# Tried feeding My Spilo a frog today



## cobrafox46 (Jun 2, 2008)

I figured I would give my Spilo "Rampage" a treat today and catch a frog for him. I went to the pond and saw a couple decent sized ones then I saw F*CKING KING KONG!!! This bastard was huge, about 11" stretched. I proceeded to put the bait by his mouth and he got hooked. Well I decided to throw him in there with Rampage. Normally when something hits the water he is on it. He did not know what to think of the frog. He snipped at it a few times then it would swim to the other side and the same thing would happen. I think he was intimidated cause he finally gave up and sat behind the driftwood, something he has never done. I took him out and put him back and threw a rock bass, same size as the frog, in there and within a minute he was lunch LOLOLOLOL! I guess he does not like frogs


----------



## razorback182 (Apr 27, 2008)

same thing happened with my reds and a gecko!


----------



## CLUSTER ONE (Aug 2, 2006)




----------



## Brian5150 (Oct 17, 2006)

How do you know if the frogs or rock bass aren't sick or carrying a disease?


----------



## stevedave (Apr 1, 2007)

Brian5150 said:


> How do you know if the frogs or rock bass aren't sick or carrying a disease?
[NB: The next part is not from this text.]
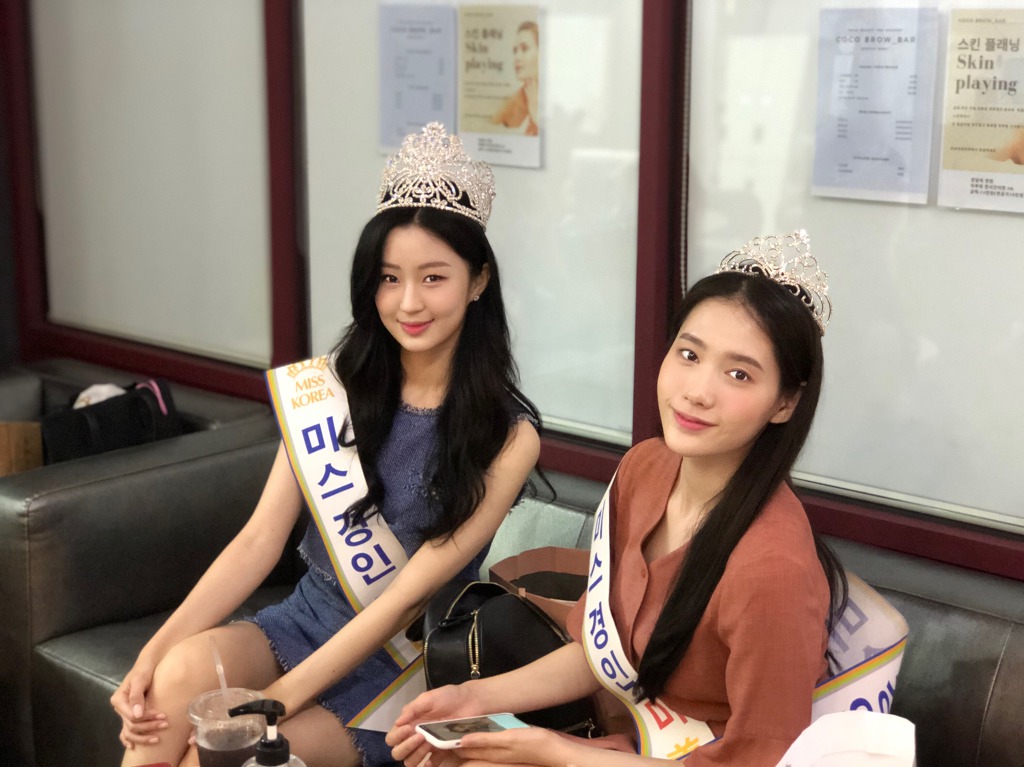 코코메이크업 이미지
you don't unless you quarantine...

Why would you pick the biggest frog you could find? How big is your fish?


----------



## cobrafox46 (Jun 2, 2008)

stevedave said:


> How do you know if the frogs or rock bass aren't sick or carrying a disease?
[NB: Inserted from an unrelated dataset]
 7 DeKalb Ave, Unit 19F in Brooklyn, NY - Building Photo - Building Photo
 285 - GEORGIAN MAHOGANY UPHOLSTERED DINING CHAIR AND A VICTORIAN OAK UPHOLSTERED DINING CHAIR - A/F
you don't unless you quarantine...

Why would you pick the biggest frog you could find? How big is your fish?
[/quote]

I know everyone says feeders are bad and stunt growth, but when I did not know about this site and a lot about piranha, that is all I fed my RB's. I had them for over a year and only fed them feeders from my creek and pond. They never got sick and grew to 7". I would get a few and put them in the tank. When they were gone I would put more in. I think these fish are pretty healthy compared to Golgfish. One day it may bite me in the ass, but till it does I will keep using them . My Spilo only gets feeders once or twice a month anyways. Mainly he only gets shrimp and pellets. As for the frog I figured he would not eat it. My Spilo is 9" and the frog was a little bigger. He thinks he is king sh*t chasing everything that walks by and hitting the siphon tube when I change water. He did not know what to think about the frog. I think he was actually a little scared, as much as I hate to say it. The frog was only in there for about 5 mins. As soon as I took it out he was right back ready to give chase to the bass!


----------



## NegativeSpin (Aug 1, 2007)

I had a gold spilo in '96 and tried the same thing with a frog I got at the LPS. The spilo just killed the frog by inflicting mortal wounds on the frogs arms and legs.


----------



## camotekid (Sep 21, 2003)

some amphibians are capable of secreting unpleasant chemicals to disinterest or deflect predators. that could be the answer.
i;m not quite about the side effects of it on piranhas.


----------



## haroldglenn (Jun 24, 2008)

camotekid said:


> some amphibians are capable of secreting unpleasant chemicals to disinterest or deflect predators. that could be the answer.
> i;m not quite about the side effects of it on piranhas.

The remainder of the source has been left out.